The Wall Street Journal suggested climate activists stage a protest at Tiananmen Square and see how well that goes for them
Overheard at PJD’s Beer & Wine Garden: “I’m so old that the first time I had sex it was in the back of a chariot.”
Is Mickey Mouse Hammering Bud Lights? If Disney World had a theme ride named the “Pit of Misery”, guests would spot an unshaven, disheveled Mickey Mouse in it hammering Bud lights, trying to drink away his theme park attendance, movies, TV, and bad rep troubles.

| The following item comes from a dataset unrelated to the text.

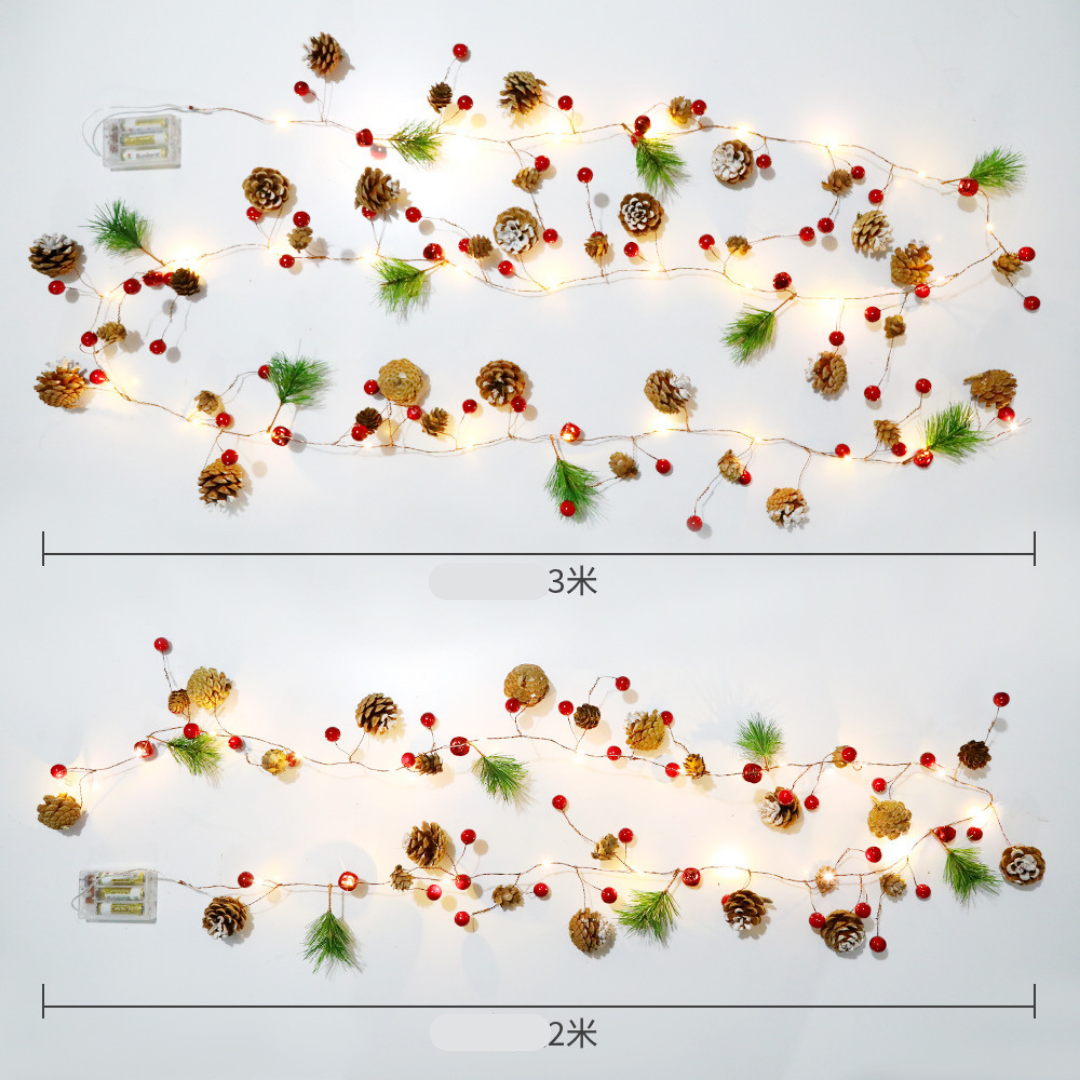 【預購】聖誕節 松針松果紅果 LED銅線燈串 (2米 / 3米)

Misery loves company and both Mr. Mouse and Bud Light, currently everybody’s least favorite beer, are both having a rough time of it. Mickey (DIS: NYSE) had a meltdown in 2022 as its stock nosedived 44 percent. This year looks equally dim even under retread CEO Robert Iger. The feud with Florida’s popular Governor Ron DeSantis continues, park attendance is down hitting extraordinary lows during the July 4 holiday, and its geriatric 80-year-old Indiana Jones star, Harrison Ford, apparently left his box office super power at the nursing home.

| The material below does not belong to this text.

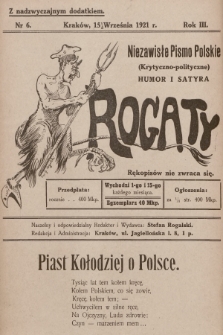 Rogaty : niezawisłe pismo polskie (krytyczno-polityczne) : humor i satyra. 1921, nr 6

There’s is nothing on the horizon to make customers or investors happy and the magic kingdom appears to have lost its touch except among a small percentage of the LGBTQIA+ crowd that represents less than .01 percent of the population. Bud Light has even lost that part of the population, alienating everybody but the folks attending AA meetings who swore off the stuff.
Bud Light dug a massive hole and hasn’t stopped digging as it plunged from the number one best selling brew in America and recently fell out of the top 10. It’s advertising attempts to appeal to patriotism and country folks were dreadfully transparent and poorly done. The Clydesdales even bolted back to the barn as the company’s tone deaf C Suite crowd joined Mickey in its Pit of Misery to hammer some of the millions of cans its distributors are sending back. How bad is it? Costco was almost giving the stuff away and announced it will no longer stock it because nobody’s buying it.

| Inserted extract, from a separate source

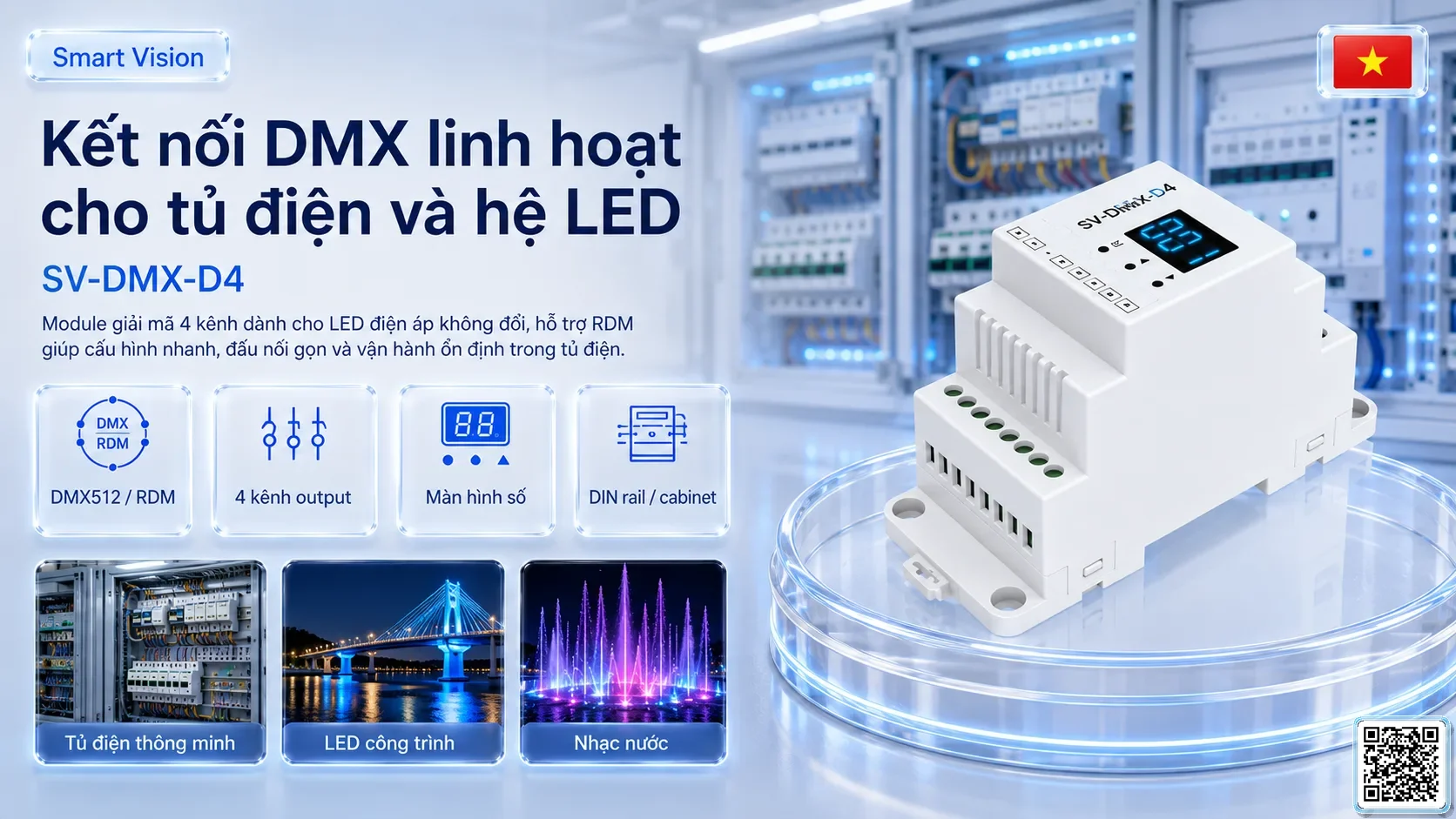 SV-DMX-D4 SV-DMX-D4 4-Channel Constant-Voltage DMX512/RDM Decoder Bộ điều khiển DMX, Nhạc nước DMX, Đèn DMX, Bơm DMX, hệ thống ánh sáng DMX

At Harris Teeter on Amelia Island this week I spotted cases of Yuengling for $23.99 next to Bud Light for the same price but offering a $20 rebate coupon. That’s less than a dollar a six pack or about 16 cents a can. Even at $3.99 a case the stuff was stacked high as the Yuengling cases were dwindling.
Both companies have been laying off thousands of employees all due to stupid, oblivious decisions by its executive officers, who apparently get hammered at breakfast before heading to the office.